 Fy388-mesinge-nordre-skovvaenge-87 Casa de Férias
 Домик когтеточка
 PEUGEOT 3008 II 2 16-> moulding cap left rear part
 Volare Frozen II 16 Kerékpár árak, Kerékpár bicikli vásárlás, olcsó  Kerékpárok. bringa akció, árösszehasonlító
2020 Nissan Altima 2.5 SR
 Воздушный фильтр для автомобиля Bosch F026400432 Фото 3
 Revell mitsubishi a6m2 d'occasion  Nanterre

○ ○ ○ ○ ○

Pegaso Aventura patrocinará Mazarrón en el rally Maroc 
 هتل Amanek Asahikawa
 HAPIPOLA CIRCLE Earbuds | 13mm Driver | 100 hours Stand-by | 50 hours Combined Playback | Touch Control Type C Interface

○ ○ ○ ○ ○

## [Exercise brief]
Reproduce the lines above, beginning at the line with "2020 Nissan Altima 2.5 SR" and stopping after the line with "Revell mitsubishi a6m2", exactly as they are.

## [Answer space]
2020 Nissan Altima 2.5 SR
 Воздушный фильтр для автомобиля Bosch F026400432 Фото 3
 Revell mitsubishi a6m2 d'occasion  Nanterre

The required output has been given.